Looking to hack on Zenpy? Awesome! In this guide I will explain how things hang together to (hopefully) get you started.
There are few concepts that go together to make up the wrapper. If they make sense, it should be pretty easy to change things.
Endpoints are callable classes that know how to take some input and return as output the correct path and parameters to query the Zendesk API with. For example, if the ticket endpoint is passed a list of ids to delete, it would output something along the lines of tickets/destroy_many.json?ids=1,2,3,4,5
. That's all it needs to do.
The zenpy/lib/endpoint.py
file contains the factory class EndpointFactory
. This encapsulates all the endpoints and structures them to mirror the structure of Zendesk's API.
An Api
in Zenpy is class that knows how to perform operations on a particular Zendesk endpoint or object. For example, the TicketApi
knows how to manipulate Tickets
, and exposes methods such as merge
for merging Tickets
.
All the various Api
classes are encapsulated and exposed to the user through the Zenpy
class located in zenpy/__init__.py
.
A RequestHandler knows how to make a POST, PUT or DELETE request to Zendesk with the correct format. There are several generic RequestHandlers that handle most cases, however it is occasionally necessary to write new ones to handle edge cases/inconsistencies in the expected format (especially for the ChatApi).
A ResponseHandler
knows how to identify a response that it can handle, and also how to deserealize it from JSON and return the correct type to the user. When a response is returned from Zendesk, each ResponseHandler is tried in order and the first one that matches is executed. ResponseHandlers should always be ordered from most specific to most generic.

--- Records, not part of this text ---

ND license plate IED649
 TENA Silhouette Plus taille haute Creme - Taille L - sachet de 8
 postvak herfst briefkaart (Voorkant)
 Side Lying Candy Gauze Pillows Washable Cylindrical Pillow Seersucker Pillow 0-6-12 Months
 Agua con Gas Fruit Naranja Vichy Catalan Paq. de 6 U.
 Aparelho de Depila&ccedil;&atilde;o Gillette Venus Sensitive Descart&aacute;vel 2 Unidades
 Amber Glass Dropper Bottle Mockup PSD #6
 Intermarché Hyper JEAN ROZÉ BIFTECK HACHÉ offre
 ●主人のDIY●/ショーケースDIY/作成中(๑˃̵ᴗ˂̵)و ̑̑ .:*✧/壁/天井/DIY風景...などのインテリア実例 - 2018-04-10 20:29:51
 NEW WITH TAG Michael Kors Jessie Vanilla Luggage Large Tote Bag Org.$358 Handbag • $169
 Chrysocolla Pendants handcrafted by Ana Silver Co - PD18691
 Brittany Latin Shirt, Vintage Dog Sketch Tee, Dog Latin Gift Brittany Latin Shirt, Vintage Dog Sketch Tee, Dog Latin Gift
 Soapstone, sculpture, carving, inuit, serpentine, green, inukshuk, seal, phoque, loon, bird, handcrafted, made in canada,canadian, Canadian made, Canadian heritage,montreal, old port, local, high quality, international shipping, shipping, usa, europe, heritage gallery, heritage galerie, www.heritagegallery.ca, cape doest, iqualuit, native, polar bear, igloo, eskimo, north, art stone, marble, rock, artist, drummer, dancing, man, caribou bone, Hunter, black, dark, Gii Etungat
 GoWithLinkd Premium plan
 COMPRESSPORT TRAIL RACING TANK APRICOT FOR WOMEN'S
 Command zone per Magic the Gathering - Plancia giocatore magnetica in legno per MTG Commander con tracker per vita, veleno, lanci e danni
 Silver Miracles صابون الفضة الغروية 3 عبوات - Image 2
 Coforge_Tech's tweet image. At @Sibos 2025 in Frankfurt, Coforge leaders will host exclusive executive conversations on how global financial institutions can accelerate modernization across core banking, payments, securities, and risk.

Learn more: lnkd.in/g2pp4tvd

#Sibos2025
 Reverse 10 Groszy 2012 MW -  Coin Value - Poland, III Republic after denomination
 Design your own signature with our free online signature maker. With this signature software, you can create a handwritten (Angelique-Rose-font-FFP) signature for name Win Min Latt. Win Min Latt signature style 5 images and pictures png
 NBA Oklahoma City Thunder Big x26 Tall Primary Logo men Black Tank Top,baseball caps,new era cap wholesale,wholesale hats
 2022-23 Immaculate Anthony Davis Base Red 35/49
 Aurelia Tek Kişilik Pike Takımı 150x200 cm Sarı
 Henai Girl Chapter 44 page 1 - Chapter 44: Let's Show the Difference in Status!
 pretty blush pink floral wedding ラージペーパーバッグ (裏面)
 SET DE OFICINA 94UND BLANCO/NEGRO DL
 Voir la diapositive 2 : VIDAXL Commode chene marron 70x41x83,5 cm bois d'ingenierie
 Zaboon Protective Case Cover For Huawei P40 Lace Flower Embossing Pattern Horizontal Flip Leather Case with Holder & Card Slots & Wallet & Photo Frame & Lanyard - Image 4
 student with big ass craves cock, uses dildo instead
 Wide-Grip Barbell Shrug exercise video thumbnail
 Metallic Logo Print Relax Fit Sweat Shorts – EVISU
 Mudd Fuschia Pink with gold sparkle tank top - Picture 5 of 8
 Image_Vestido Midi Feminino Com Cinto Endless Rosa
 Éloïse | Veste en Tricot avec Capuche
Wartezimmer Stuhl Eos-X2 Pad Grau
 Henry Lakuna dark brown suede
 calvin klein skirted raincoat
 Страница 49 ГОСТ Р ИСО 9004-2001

The Zendesk API contains many objects. I am way too lazy to write the code for them all, so I wrote a tool to generate Python classes from JSON instead. It uses Jinja templating and can be found in tools
. It can be executed from the tools
directory as follows (requires Python3):
./gen_classes.py --spec-path ../specification/ --doc-json doc_dict.json -o ../zenpy/lib/
Creating a new object involves the following steps:
- Create the appropriate file in the
zenpy/specification
directory. - Execute the
gen_classes
tool. - Add the endpoint to the
EndpointFactory
if necessary. - Add the relevant mapping class in
zenpy/lib/mapping.py
. - Add the relevant API class in
zenpy/lib/api.py
. - Add a reference to the API in the root API class (eg:
HelpCentreApi
) inzenpy/lib/api.py
.
For the objects themselves, the idea is that any attribute of an object that can be presented in a more user friendly manner should be converted before being returned. So for example strings representing time should be presented as datetime
objects, id's for linked objects should be fetched and deserialized and responses that involve pagination should be exposed as generators.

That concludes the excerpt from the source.